More than 100 Republicans who denied results of the 2020 US presidential election have won their midterm races on Tuesday, capturing seats in Congress and key statewide offices.
Vote counting is underway in the US midterm vote that will determine whether Republicans win control of Congress, which would give them the power to block much of President Joe Biden's agenda.
The midterms are set to usher in an era of divided government in Washington, despite warnings from Democrats over threat to US ‘democracy’ and the undermining of democratic norms.

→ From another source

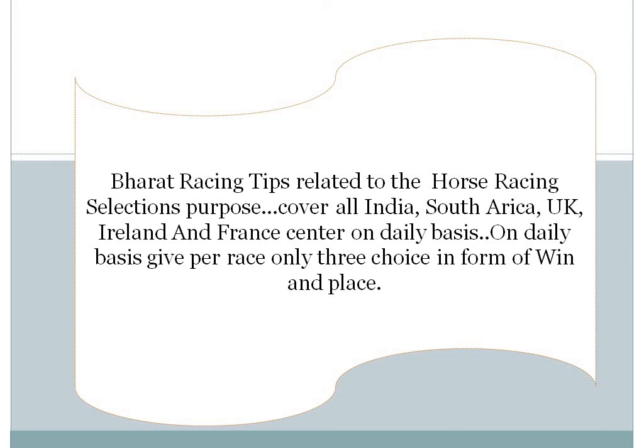Welcome to Bharat Racing Tips. Bharat Racing Tips covers India, South Africa, UK, Ireland, and France Racing on a daily basis.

Thirty-five Senate seats and all 435 House of Representatives seats were up for grabs. Republicans needed five seats to control the House
The Senate, which is currently split 50-50 with Democrats holding the tie-breaking vote, could come down to a quartet of toss-up races in Pennsylvania, Nevada, Georgia and Arizona.

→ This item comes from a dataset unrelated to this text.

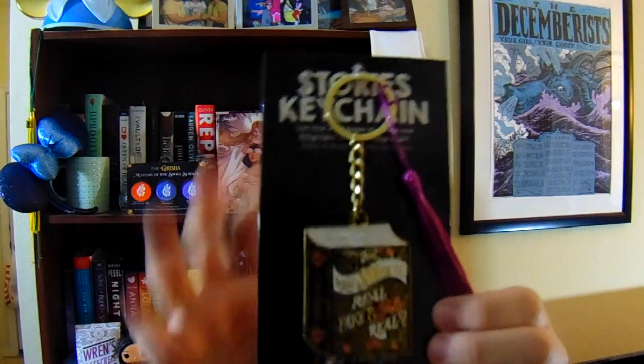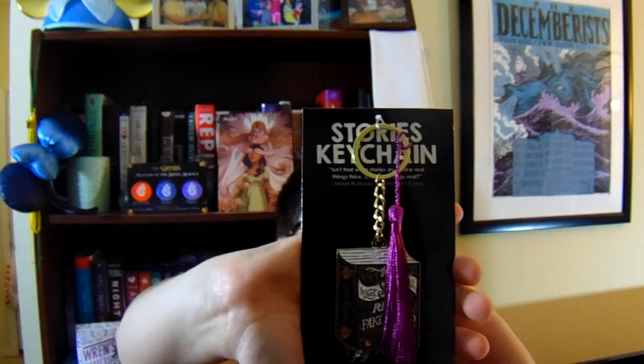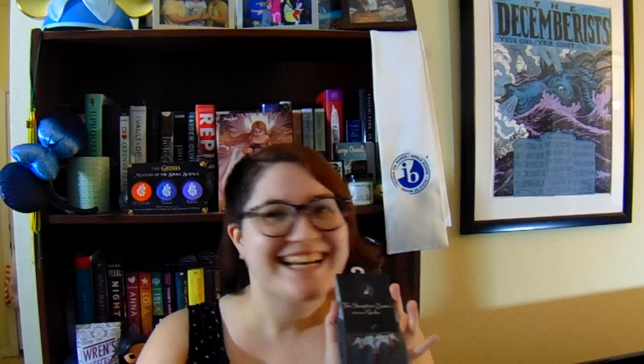The next thing I see I absolutely am in love with, and it's this really beautiful keychain with a quote from The Winner's Curse by Marie Rutkoski. It says, 'Isn't that what stories do? Make real things fake and fake things real.' It's in the shape of a book — oh my goodness, that is absolutely beautiful. I am shook. I might go take it and hang it up at work because it's really pretty and I want to stare at it every day.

More than 46 million Americans voted either by mail or in-person, according to data from the US Election Project, and state election officials caution that it will take time to count all of those ballots. Control of the Senate might not be not known until a potential Dec. 6 runoff in Georgia.

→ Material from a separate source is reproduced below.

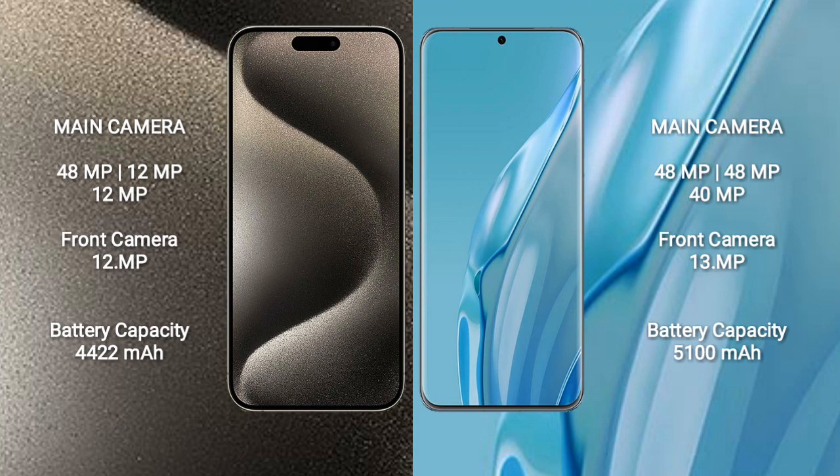Huawei P60 Art front camera is 13MP. iPhone 15 Pro Max has a 4,422mAh battery with 33W fast charging support.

Voters have said they were motivated by frustration with crimes and high inflation, which is at 8.2%, the highest in 40 years.
In New York, fears of rising crime were also a factor as incumbent Democratic Gov. Kathy Hochul faced a tough challenge from Republican Lee Zeldin.
According to a Washington Post analysis, nearly 300 Republicans on the ballot for midterms had questioned the validity of the last presidential election.
By late Tuesday more than 140 of those had won their races, including House and Senate seats, as well as state-level contests.
Among the 2020 election deniers winning Tuesday were congresswoman Marjorie Taylor Greene and Katie Britt, who ran for Alabama's open US Senate seat.
Florida Governor Ron DeSantis, a leading contender for the Republican presidential nomination in 2024, defeated Democratic Representative Charlie Crist, Edison projected.
Trump, who cast his ballot in Florida, has frequently hinted at a third presidential run. He said on Monday that he would make a "big announcement" on Nov. 15.
Democrats suffered disappointment in Ohio as writer J.D. Vance, a Trump-endorsed chronicler of working-class white life, won a Senate seat.
Despite major wins for Republicans, there were setbacks for supporters of former President Donald Trump such as Doug Mastriano, a far-right conspiracy theorist who failed in his bid to become Pennsylvania governor. He lost to Democrat Josh Shapiro.
Vote-counting is ongoing in Arizona, the southwestern state that has become ground zero for election denialism, and which has several key races.
Arizona's Republican candidates for a US Senate seat and secretary of state have also said they would not have certified Biden's win in the state.
Trump had endorsed more than 200 Republicans in their nominating contests for Tuesday's elections.